İsrail saldırıları karşısındaki tutumu, bölgedeki etkisini azaltan bir faktör olmasına rağmen, İran hala savaşa girme yanlısı değil. İsrail’in hedefleri bakımından Lübnan’ın ardından sıranın geleceği ülke Suriye, ki İsrail, Suriye’yi, özellikle başkent Şam’ı zaman zaman hedef alıyor.
Bu toz duman içinde Ankara da Şam’a “dostluk elini” uzatıyor. Ne de olsa, “düşman” ortak. Ankara’nın İsrail’e karşı Ankara-Şam ittifakını da düşünmesi muhtemel. Eğer böyle bir şey mümkün olursa, ilk faturanın Rojava’ya yeni bir işgal saldırısı olarak kesileceği kesin. Rojava’daki Kürt halkının statüsünün ortadan kaldırılması zaten Türk burjuva devleti için stratejik hedef. Çünkü, Kürt halkını her yerde statüsüz bırakmak, Türk devletinin varoluş amacı. Rojava’ya yönelik işgal saldırısı planlanırken, Kuzey Kürdistan’da çözüm süreci mümkün olur mu? Çöken çöktürme politikasını bu kez başka bir “dil”le sürdürmek gibi bir algı operasyonu olarak belki.

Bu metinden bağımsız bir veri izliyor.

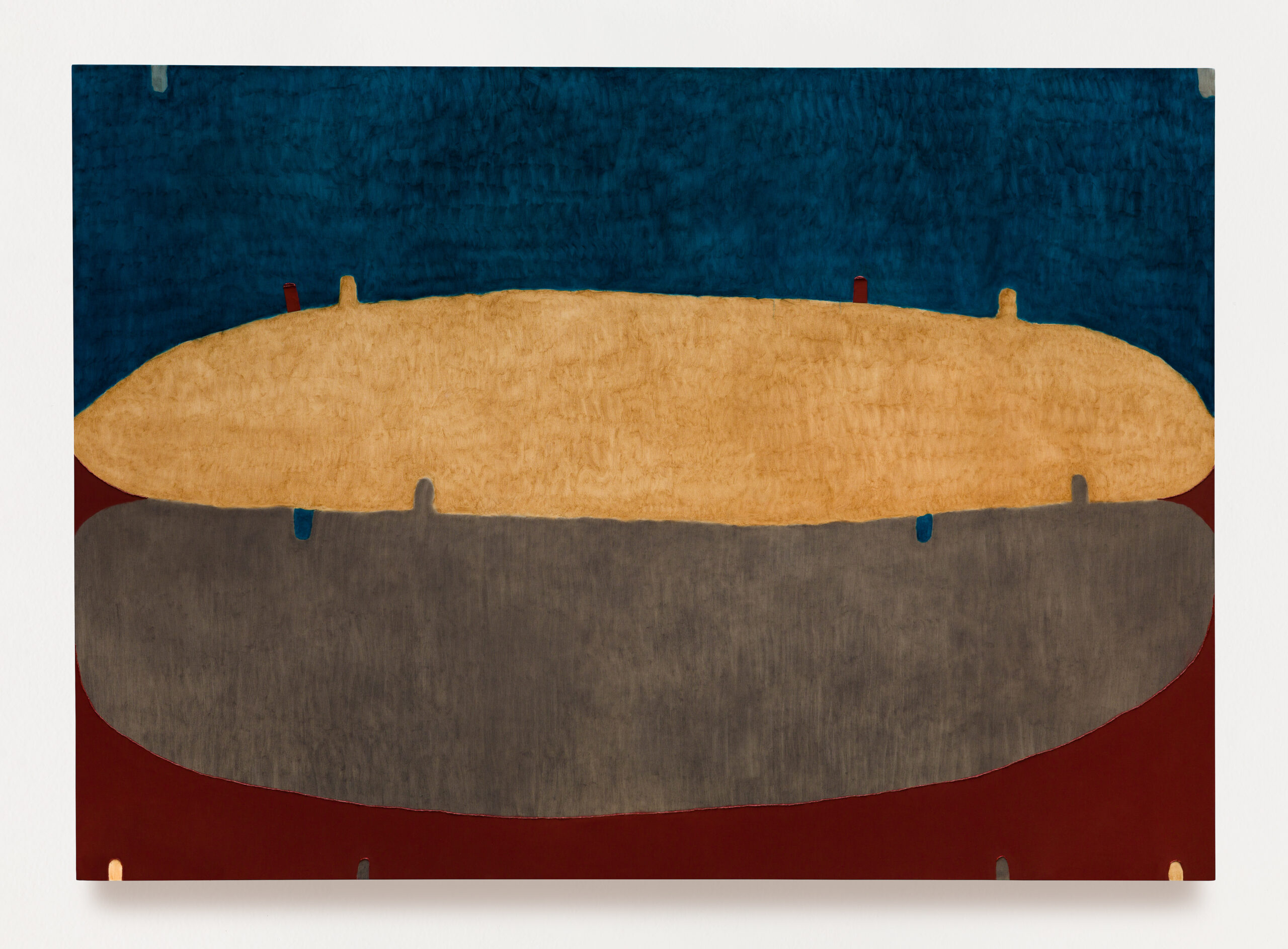 Paulo Monteiro, Untitled | Sem título, 2023, oil on linen, 200 x 280 cm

Hem Kürt halkına ‘uzatılan’ “Devlet eli” hem de “İsrail en büyük düşmanımız” propagandası, iktidarın, çıkış için yeni “milli birlik ve beraberlik cephesi” arayışı olarak görünüyor. 15 Temmuz darbe girişiminin ardından “Yenikapı ruhu” diyerek, darbe girişimini fırsata çevirmişlerdi. CHP de o günkü Genel Başkanı Kemal Kılıçdaroğlu ile Yenikapı milli cephesinde yerini almıştı. Geçtiğimiz günlerde, faşist şef, Bahçeli, savunma bakanı, kuvvet komutanları, Hüdapar, BBP ile birlikte Ahlat hatırası pozunun verildiğini de unutmayalım.
Elbette başkaca faktörler de var, ancak en genel haliyle iktidarın çöküşten çıkış planı böyle.
Kürt halkı ve önderliği ise, 46 aydır tek bir haberin alınamadığı Sayın Abdullah Öcalan’la görüşmek için tüm yolları deniyor; çözüm süreci tartışmalarının ortasında da haklı olarak iktidarı, İmralı’nın kapısını açmaya zorluyor.
O kapı açılacak mı? Bu soruya spekülasyondan uzak bir yanıt verebilmek için önümüzdeki günlerde gelişmelerin nasıl seyredeceğini görmemiz gerekiyor. Fakat net olan şu ki; saray rejimi çöktürme planıyla gelip bir sınıra dayanmıştır. Sürecin nasıl gelişeceğini belirleyecek olan da mücadeleci kuvvetlerin pratiği olacaktır.